Pictures with short captions:
──────────
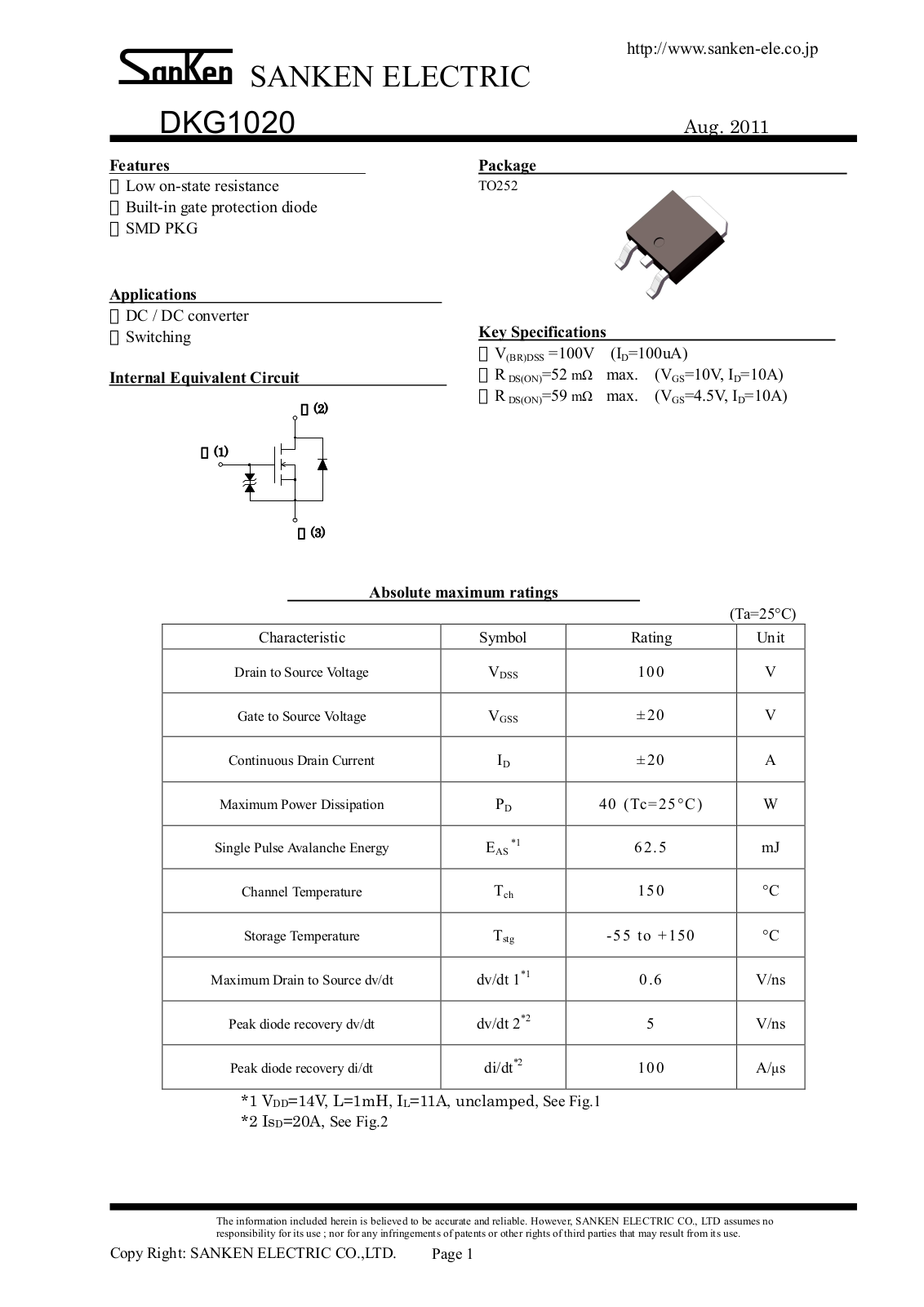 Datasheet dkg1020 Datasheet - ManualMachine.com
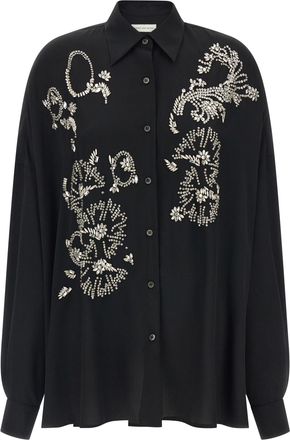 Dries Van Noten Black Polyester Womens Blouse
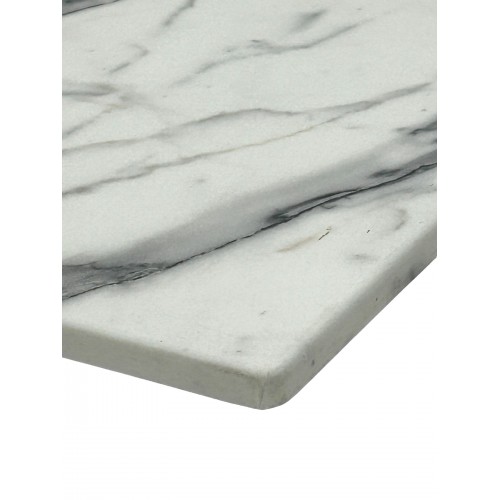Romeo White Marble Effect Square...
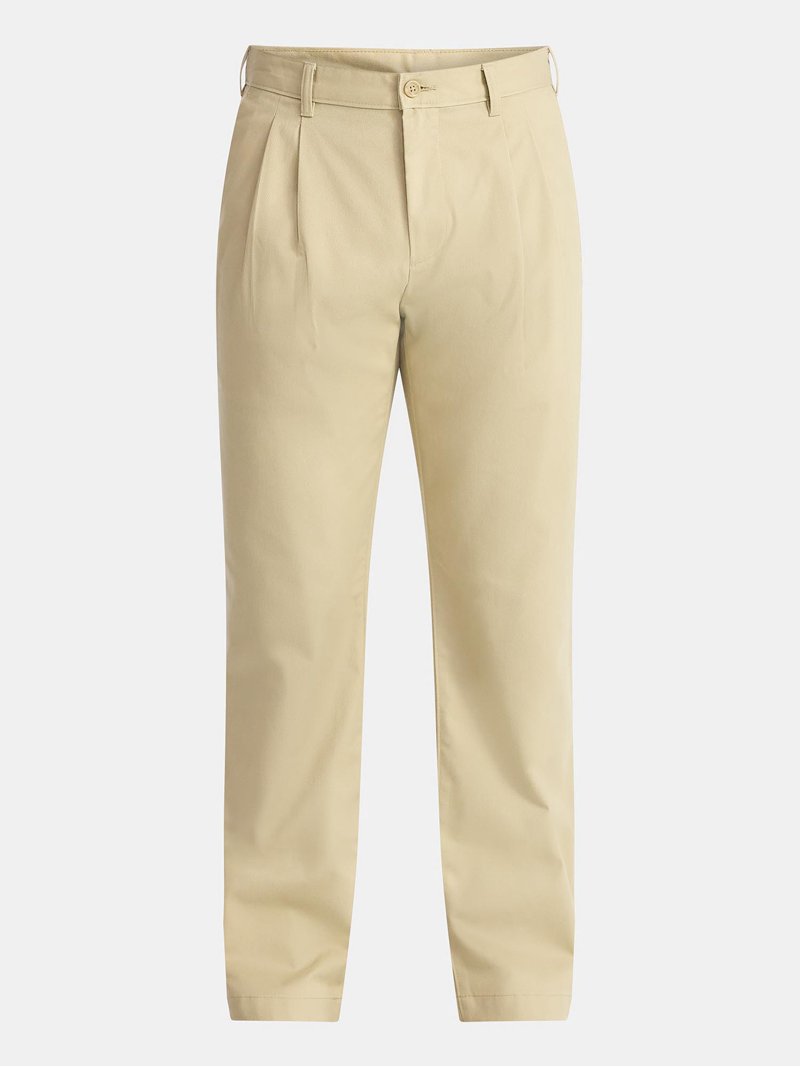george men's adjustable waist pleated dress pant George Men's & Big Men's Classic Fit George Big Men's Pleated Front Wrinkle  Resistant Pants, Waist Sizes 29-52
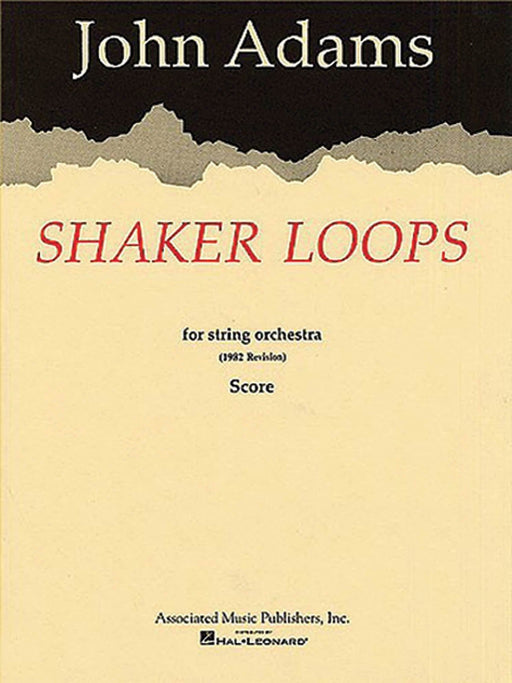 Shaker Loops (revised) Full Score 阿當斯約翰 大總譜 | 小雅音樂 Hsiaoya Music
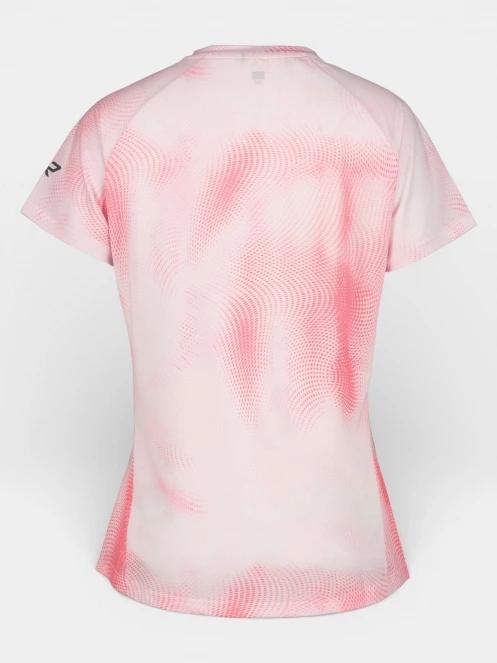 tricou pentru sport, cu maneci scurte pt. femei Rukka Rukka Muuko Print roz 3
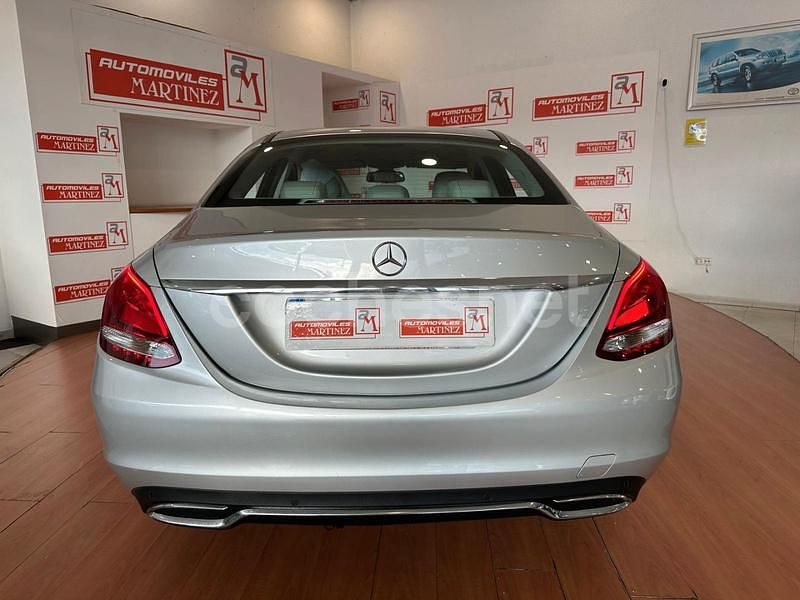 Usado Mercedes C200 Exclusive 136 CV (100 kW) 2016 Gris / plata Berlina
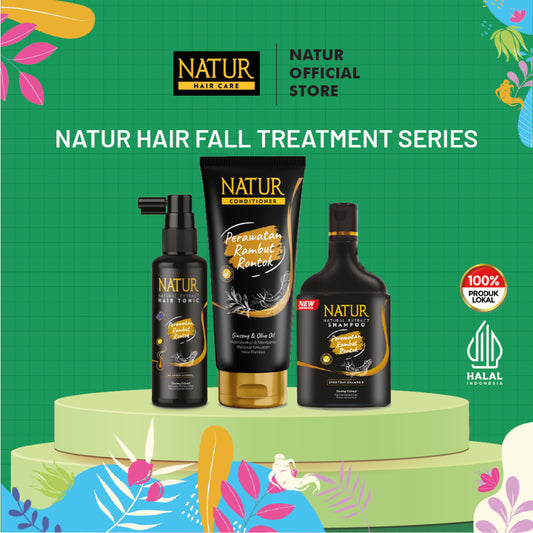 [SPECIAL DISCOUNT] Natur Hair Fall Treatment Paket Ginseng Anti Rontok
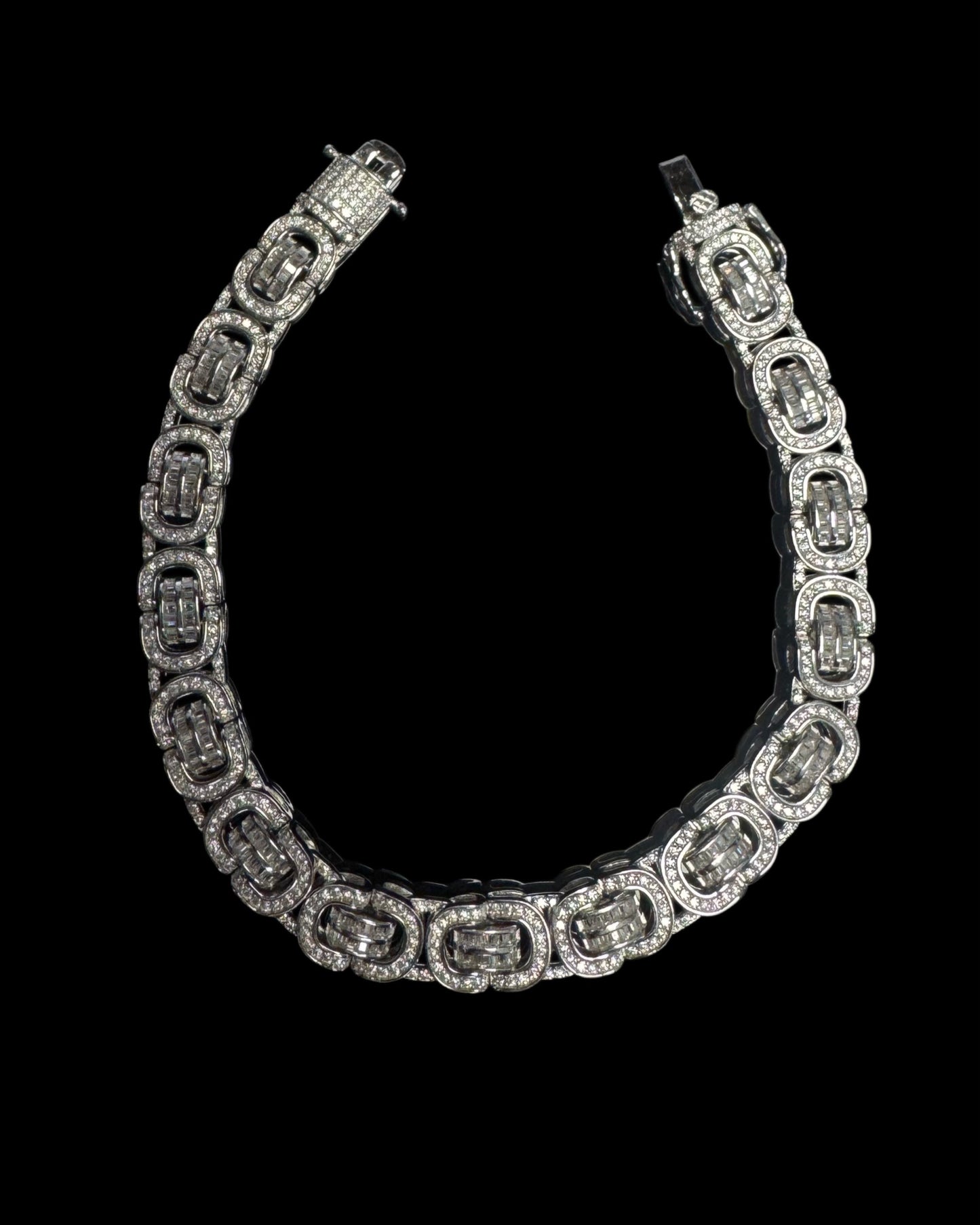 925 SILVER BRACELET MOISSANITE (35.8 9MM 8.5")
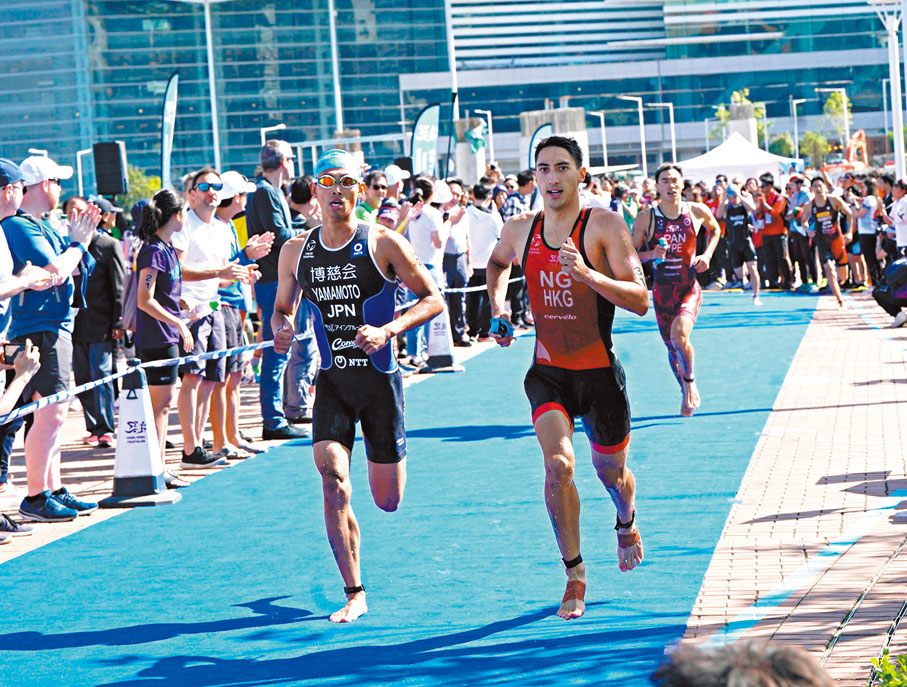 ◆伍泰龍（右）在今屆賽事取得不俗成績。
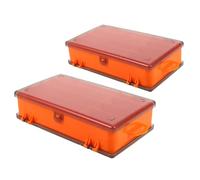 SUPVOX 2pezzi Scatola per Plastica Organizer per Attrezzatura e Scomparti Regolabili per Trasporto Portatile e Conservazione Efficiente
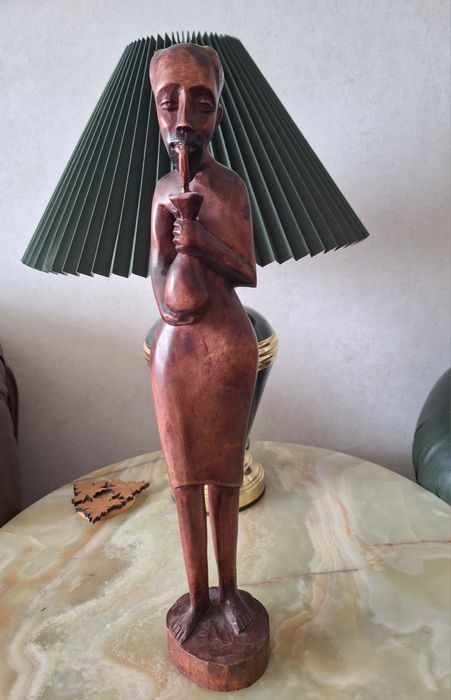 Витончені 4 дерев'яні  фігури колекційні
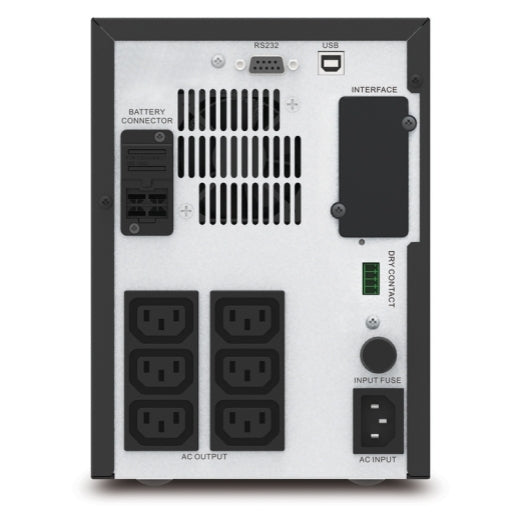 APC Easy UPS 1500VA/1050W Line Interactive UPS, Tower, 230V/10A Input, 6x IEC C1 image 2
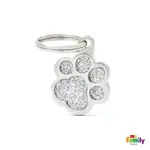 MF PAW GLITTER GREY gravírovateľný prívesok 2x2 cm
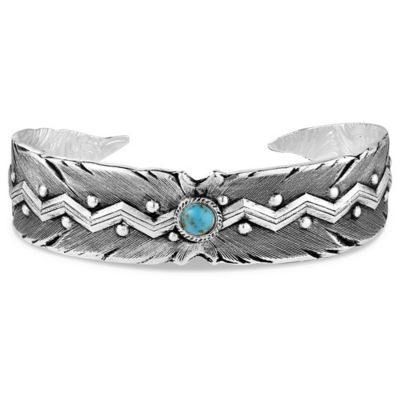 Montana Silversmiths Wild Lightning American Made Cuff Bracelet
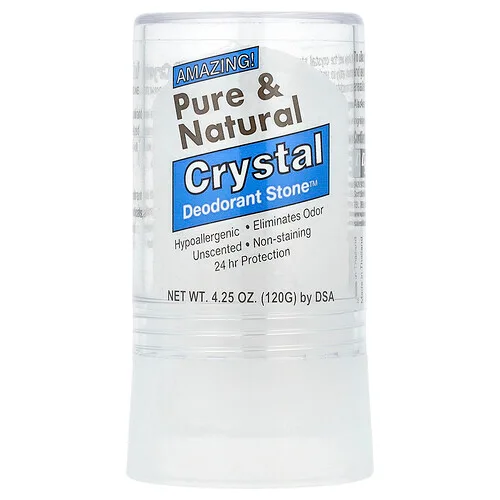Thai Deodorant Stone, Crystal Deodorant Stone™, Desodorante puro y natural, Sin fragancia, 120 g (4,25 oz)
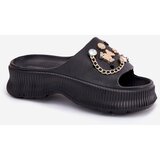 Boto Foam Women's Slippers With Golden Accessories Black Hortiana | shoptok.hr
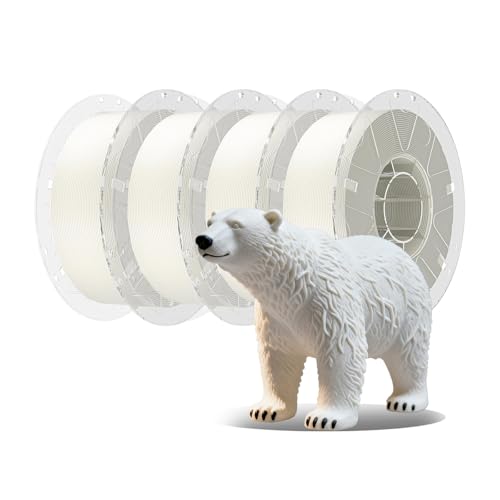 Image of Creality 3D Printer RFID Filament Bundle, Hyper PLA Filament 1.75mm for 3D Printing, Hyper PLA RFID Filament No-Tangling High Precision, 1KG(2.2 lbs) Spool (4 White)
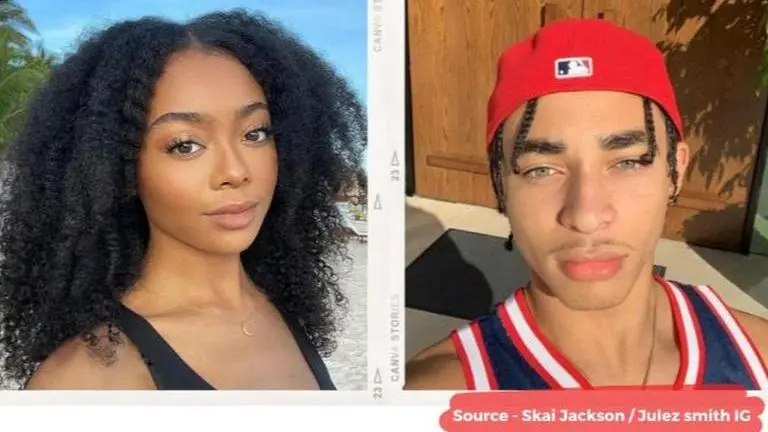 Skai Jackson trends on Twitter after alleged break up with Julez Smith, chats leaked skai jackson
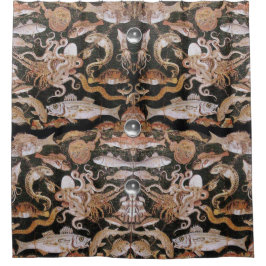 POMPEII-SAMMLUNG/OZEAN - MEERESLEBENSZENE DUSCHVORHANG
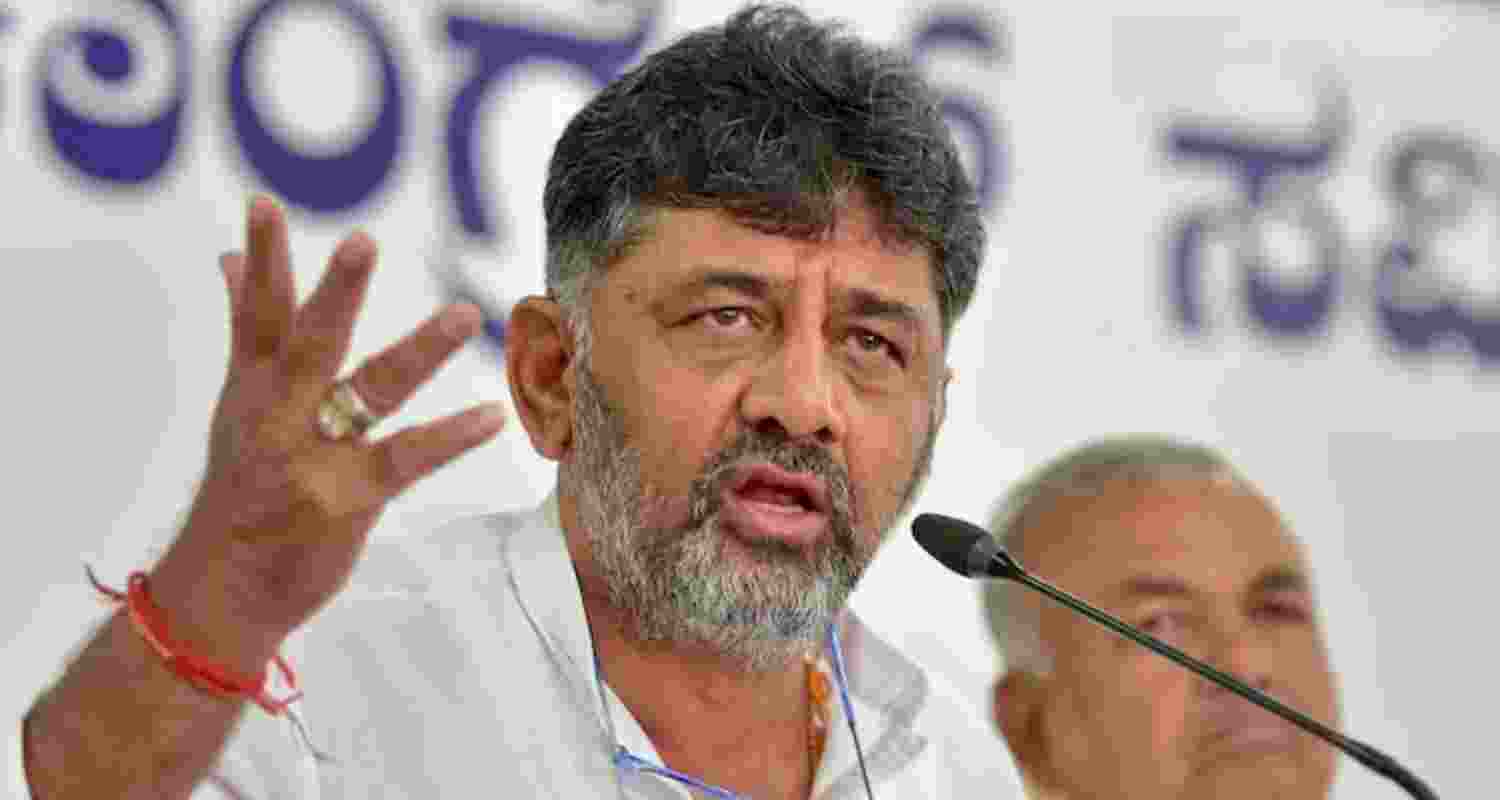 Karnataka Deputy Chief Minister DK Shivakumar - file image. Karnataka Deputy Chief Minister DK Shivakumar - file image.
──────────
TASK PROMPT: Skipping the pictures, transcribe each line above exactly as it appears.

OUTPUT FOR THIS EXERCISE:
 Datasheet dkg1020 Datasheet - ManualMachine.com
 Dries Van Noten Black Polyester Womens Blouse
Romeo White Marble Effect Square...
george men's adjustable waist pleated dress pant George Men's & Big Men's Classic Fit George Big Men's Pleated Front Wrinkle  Resistant Pants, Waist Sizes 29-52
 Shaker Loops (revised) Full Score 阿當斯約翰 大總譜 | 小雅音樂 Hsiaoya Music
 tricou pentru sport, cu maneci scurte pt. femei Rukka Rukka Muuko Print roz 3
 Usado Mercedes C200 Exclusive 136 CV (100 kW) 2016 Gris / plata Berlina
 [SPECIAL DISCOUNT] Natur Hair Fall Treatment Paket Ginseng Anti Rontok
 925 SILVER BRACELET MOISSANITE (35.8 9MM 8.5")
 ◆伍泰龍（右）在今屆賽事取得不俗成績。
 SUPVOX 2pezzi Scatola per Plastica Organizer per Attrezzatura e Scomparti Regolabili per Trasporto Portatile e Conservazione Efficiente
 Витончені 4 дерев'яні  фігури колекційні
 APC Easy UPS 1500VA/1050W Line Interactive UPS, Tower, 230V/10A Input, 6x IEC C1 image 2
 MF PAW GLITTER GREY gravírovateľný prívesok 2x2 cm
 Montana Silversmiths Wild Lightning American Made Cuff Bracelet
Thai Deodorant Stone, Crystal Deodorant Stone™, Desodorante puro y natural, Sin fragancia, 120 g (4,25 oz)
 Boto Foam Women's Slippers With Golden Accessories Black Hortiana | shoptok.hr
 Image of Creality 3D Printer RFID Filament Bundle, Hyper PLA Filament 1.75mm for 3D Printing, Hyper PLA RFID Filament No-Tangling High Precision, 1KG(2.2 lbs) Spool (4 White)
 Skai Jackson trends on Twitter after alleged break up with Julez Smith, chats leaked skai jackson
 POMPEII-SAMMLUNG/OZEAN - MEERESLEBENSZENE DUSCHVORHANG
 Karnataka Deputy Chief Minister DK Shivakumar - file image. Karnataka Deputy Chief Minister DK Shivakumar - file image.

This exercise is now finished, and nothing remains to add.